Anche se il sospetto c’era ormai da alcune settimane, ora è ufficiale che il 24 dicembre non ci sarà alcuna elezione presidenziale in Libia. Lo ha confermato il 22 dicembre una Commissione Parlamentare, basandosi su un documento redatto il 20 dicembre. Nel testo si legge che l’Alta commissione elettorale, l’organo incaricato di supervisionare il voto, ha ordinato ai comitati elettorali di tutto il territorio nazionale di sciogliersi.

Le criticità hanno riguardato soprattutto i criteri di selezione dei candidati: nell’ultimo periodo se ne potevano contare quasi 100, tutti con qualche caratteristica non perfettamente in linea con l’ideale di Presidente che un Paese auspicherebbe di avere.

Numeri elezioni Libia

«Non sono un profeta, e non sono uno stregone, non sono in grado di dirvi cosa accadrà», aveva detto [1]il segretario generale delle Nazioni Unite, António Guterres, quando gli era stato chiesto un commento sulle probabilità di successo delle elezioni promosse dall’Onu. «Faremo di tutto per facilitare il dialogo e risolvere questioni che potrebbero essere viste come elementi di divisione in Libia», aveva concluso, dopo aver elencato una serie di problematiche importanti che in Libia si sarebbero dovute risolvere al più presto.

Cos’è andato storto questa volta?

Probabilmente molte cose. Prima fra tutte la strategia delle Nazioni Unite, che “nel forzare” le elezioni non hanno preso in considerazione alcuni fattori. L’Onu non ha ben tenuto in conto il fatto che l’essenza della Libia non si esaurisce nel Governo della parte Occidentale del Paese. O almeno non solo.

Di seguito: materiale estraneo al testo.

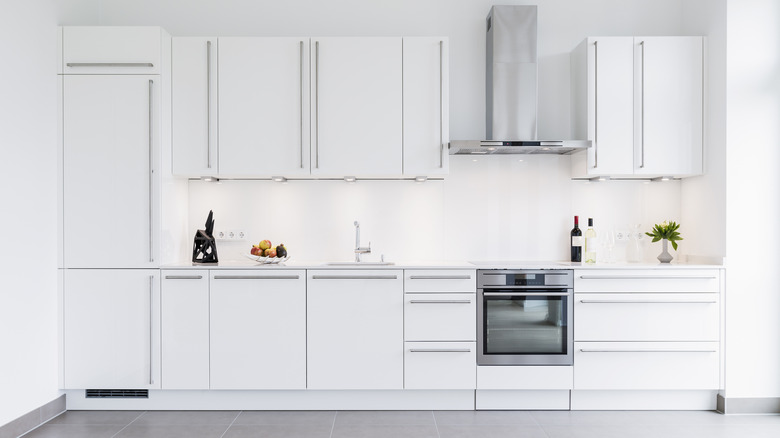 White kitchen with stainless steel stove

La realtà è che la nazione è costituita da una moltitudine di milizie, correnti politiche e ideologie diverse, con notevoli differenze anche all’interno di movimenti islamisti vicini tra loro. In particolare sono proprio le milizie impegnate in Libia che hanno un enorme potere decisionale sul come le cose effettivamente devono andare. E trascurarle o non tenerne conto a dovere significa commettere un errore già in partenza. Come l’episodio di martedì, quando buona parte dei candidati doveva incontrarsi a Bengasi per discutere del processo elettorale, e dall’altra parte diversi gruppi armati rivali hanno bloccato le strade di Tripoli.

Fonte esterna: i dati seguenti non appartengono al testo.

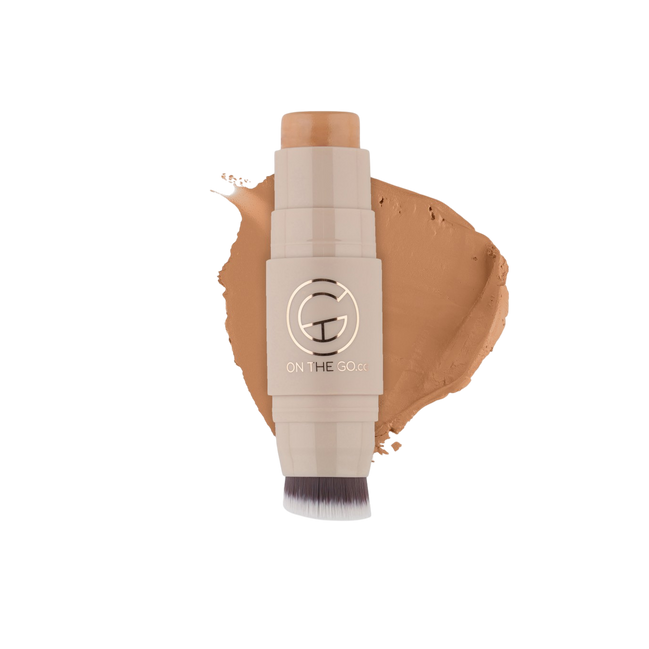 Makeup stick with a swatch of brown color on a white background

Affinché le strategie funzionino è doveroso capire che il panorama libico è molto differenziato [2]. Basta guardare la lista dei candidati. Tra loro c’era Abdul Hamid Dbeibah, primo ministro ad interim che durante la nomina da parte della comunità internazionale aveva promesso di non volersi candidare alla presidenza. E c’era anche un maresciallo, Halifa Haftar, che qualche mese prima aveva guidato le milizie alla conquista di Tripoli per ottenere il controllo su tutto il Paese. E c’era anche Saif Gheddafi, figlio di Muammar Gheddafi: [3] il candidato che era stato condannato a morte nel 2015 per crimini di guerra, salvatosi solo grazie a un’amnistia. La storia degli altri ipotetici futuri presidenti non è meno complessa o contorta. Motivo per cui la Commissione non ha mai definitivamente approvato la lista ufficiale dei nomi [4].

Sembra, alla fine, che la proposta dell’Onu di procedere con delle elezioni non abbia affatto smorzato le tensioni ma anzi, ne abbia inasprito le divisioni. Se è vero che alle Nazioni Unite va il merito del “cessate il fuoco” dell’ultimi periodo, non si può esultare allo stesso modo per una politica internazionale che sembra non conoscere bene il territorio su cui interviene. Non si sa come andranno le cose e se per una nuova data bisognerà solo aspettare qualche settimana. È certo però che l’ennesima crisi potrebbe scoppiare da un momento all’altro, mettendo contro le milizie nemiche. Proprio come è accaduto dopo le elezioni del 2014, quando le profonde divisioni portarono la Libia ad una guerra civile durata anni.